Scientists studying earthquakes in California have debated the nature of the anomaly for years, hypothesizing that it indicated the presence of some mass below the earth that geologists could not identify.

Scientists had long assumed the Farallon plate was swallowed by the Pacific plate millions of years ago when the Pacific and North American plates collided, according to a University press release.

The researchers hypothesized that the Isabella anomaly was part of the Farallon plate when other researchers found another anomaly near a known remnant of the Farallon plate. In their paper, the researchers examined the depth and geography of the Isabella anomaly and concluded it had once been part of the Farallon plate.

“This work has radically changed our understanding of the makeup of the west coast of North America,” said Brian Savage, professor at the University of Rhode Island and a co-author of the study, in the release. “It will cause a thorough rethinking of the geological history of North America and undoubtedly many other continental margins.”

 

Research suggests process of Moon rock formation

New research by Brown geologists suggests the formation of rock in the Moon’s Orientale basin may have followed a pattern similar to the formation of the Moon’s outer rock layers. If this process occurred at other impact sites, it could help explain data previously considered inconsistent with present understanding of lunar rocks.

The findings were published in April’s issue of the journal Icarus, which has already been released.

Using data from NASA’s Lunar Orbiter Laser Altimeter, the researchers hypothesized that the impact leading to the formation of the Orientale basin created an ocean of molten rock, according to a University press release. As the magma cooled, it formed the rock found in the basin.

The cooling process largely resembles the earlier process by which the Moon’s mantle and crust were formed. As a result, rocks that formed in the Orientale basin could easily be mistaken for older lunar rocks, according to the release.

If rocks at other impact sites were formed in similar ways, it could help make sense of findings inconsistent with scientists’ current understandings, said William Vaughan GS, the study’s lead author, in the press release. Rock samples suggesting that the Moon is younger than otherwise believed, for instance, could be from a site like the Orientale basin instead of from the magma cooling that formed the Moon’s outer rock layers.

 

Colonography radiation can be reduced without sacrificing image quality

Clinicians can maintain the quality of colonography images with decreased amounts of radiation, according to a new study by University researchers published in the journal Radiology earlier this month.

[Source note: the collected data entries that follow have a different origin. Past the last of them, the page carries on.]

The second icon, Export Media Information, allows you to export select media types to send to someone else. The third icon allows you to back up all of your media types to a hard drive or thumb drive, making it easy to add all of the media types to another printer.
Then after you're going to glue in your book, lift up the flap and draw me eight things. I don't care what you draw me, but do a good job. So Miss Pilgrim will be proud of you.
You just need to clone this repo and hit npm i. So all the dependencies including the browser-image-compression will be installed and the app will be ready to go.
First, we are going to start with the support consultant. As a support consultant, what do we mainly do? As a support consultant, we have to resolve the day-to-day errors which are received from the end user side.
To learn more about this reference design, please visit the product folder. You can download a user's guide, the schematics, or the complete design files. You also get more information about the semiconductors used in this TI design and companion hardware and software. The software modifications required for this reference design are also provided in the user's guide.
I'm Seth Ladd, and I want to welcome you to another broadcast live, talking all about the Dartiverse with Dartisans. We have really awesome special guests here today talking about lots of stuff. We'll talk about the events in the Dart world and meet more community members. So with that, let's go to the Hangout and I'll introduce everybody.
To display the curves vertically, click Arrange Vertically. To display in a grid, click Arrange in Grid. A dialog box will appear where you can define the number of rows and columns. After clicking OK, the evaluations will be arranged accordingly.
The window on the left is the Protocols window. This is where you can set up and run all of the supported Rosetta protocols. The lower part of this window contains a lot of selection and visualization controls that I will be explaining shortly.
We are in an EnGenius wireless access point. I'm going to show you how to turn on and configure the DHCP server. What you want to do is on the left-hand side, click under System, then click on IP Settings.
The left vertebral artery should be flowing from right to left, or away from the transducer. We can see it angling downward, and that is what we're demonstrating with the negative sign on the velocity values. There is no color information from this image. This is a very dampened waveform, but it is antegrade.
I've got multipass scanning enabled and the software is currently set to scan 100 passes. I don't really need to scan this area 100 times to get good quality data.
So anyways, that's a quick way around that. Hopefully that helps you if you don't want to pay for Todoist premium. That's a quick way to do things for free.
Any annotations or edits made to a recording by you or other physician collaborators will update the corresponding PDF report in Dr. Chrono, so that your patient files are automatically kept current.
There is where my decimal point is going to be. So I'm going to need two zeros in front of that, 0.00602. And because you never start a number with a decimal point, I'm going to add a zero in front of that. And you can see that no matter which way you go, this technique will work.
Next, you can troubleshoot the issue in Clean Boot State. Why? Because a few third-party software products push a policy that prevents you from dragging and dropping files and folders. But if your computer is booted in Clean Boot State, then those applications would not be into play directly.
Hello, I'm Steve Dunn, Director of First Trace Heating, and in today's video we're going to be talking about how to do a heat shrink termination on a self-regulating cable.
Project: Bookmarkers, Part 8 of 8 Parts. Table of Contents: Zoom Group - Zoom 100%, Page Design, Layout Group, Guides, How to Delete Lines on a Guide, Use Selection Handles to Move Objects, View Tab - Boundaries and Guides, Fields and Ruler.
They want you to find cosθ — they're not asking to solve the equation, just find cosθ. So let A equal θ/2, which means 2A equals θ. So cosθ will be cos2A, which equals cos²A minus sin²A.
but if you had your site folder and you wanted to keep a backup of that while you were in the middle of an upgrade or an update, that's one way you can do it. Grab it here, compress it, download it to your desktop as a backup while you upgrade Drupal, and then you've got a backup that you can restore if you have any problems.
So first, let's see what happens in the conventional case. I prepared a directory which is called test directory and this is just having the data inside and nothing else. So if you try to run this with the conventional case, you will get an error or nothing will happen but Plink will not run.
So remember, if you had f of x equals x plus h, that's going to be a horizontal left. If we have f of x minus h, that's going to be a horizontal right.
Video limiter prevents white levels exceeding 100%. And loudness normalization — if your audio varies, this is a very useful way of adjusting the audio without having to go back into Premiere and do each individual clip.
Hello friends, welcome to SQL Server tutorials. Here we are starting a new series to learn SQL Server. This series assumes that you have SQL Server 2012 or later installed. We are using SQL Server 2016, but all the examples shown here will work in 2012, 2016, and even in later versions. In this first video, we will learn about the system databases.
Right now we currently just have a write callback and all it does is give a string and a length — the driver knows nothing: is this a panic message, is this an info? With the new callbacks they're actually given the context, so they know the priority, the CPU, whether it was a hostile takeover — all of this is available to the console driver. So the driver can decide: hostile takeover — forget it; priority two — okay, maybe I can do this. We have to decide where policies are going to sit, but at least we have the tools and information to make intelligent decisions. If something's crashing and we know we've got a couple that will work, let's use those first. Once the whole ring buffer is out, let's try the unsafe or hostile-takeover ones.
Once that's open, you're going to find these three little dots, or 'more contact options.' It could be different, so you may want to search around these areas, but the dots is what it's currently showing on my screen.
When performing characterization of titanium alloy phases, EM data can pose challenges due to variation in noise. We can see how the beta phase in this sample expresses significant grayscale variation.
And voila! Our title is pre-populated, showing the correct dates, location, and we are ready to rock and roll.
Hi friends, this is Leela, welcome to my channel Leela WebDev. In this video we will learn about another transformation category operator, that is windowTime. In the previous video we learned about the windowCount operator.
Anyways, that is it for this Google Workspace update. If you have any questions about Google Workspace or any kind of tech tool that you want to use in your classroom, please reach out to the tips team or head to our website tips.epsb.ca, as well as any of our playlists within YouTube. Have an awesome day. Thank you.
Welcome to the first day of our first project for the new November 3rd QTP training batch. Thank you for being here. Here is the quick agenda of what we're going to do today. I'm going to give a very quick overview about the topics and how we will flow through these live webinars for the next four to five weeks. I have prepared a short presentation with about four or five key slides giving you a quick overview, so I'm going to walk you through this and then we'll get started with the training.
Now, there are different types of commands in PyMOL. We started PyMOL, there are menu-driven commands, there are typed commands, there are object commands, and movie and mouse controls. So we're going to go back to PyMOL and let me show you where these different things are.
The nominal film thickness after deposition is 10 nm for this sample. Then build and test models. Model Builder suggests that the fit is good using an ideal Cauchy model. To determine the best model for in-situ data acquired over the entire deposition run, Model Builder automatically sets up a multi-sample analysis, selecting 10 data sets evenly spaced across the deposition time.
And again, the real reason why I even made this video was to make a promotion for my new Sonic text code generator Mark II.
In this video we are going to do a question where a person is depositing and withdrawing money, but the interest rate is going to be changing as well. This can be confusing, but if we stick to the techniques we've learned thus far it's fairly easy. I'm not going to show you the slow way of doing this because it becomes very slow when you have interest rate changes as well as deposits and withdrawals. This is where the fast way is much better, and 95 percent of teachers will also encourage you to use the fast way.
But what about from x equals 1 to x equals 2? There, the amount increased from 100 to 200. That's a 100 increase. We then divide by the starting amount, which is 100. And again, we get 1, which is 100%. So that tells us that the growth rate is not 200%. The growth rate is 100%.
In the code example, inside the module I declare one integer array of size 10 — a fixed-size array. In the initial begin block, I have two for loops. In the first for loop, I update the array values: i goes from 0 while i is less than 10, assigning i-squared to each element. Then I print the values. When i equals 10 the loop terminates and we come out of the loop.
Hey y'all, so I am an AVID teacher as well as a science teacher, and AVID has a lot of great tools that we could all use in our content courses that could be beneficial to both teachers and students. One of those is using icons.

“Radiation dose is a concern for many in health care — from the clinicians and patients to the government agencies that regulate the industry,” said Assistant Professor of Diagnostic Imaging Kevin Chang in a Rhode Island Hospital press release. “The theoretical risks of radiation exposure as a cancer-causing agent must be weighed realistically against the substantial benefits of colon cancer screening.”

Colon cancer is the third most prevalent form of cancer in the United States, according to the press release.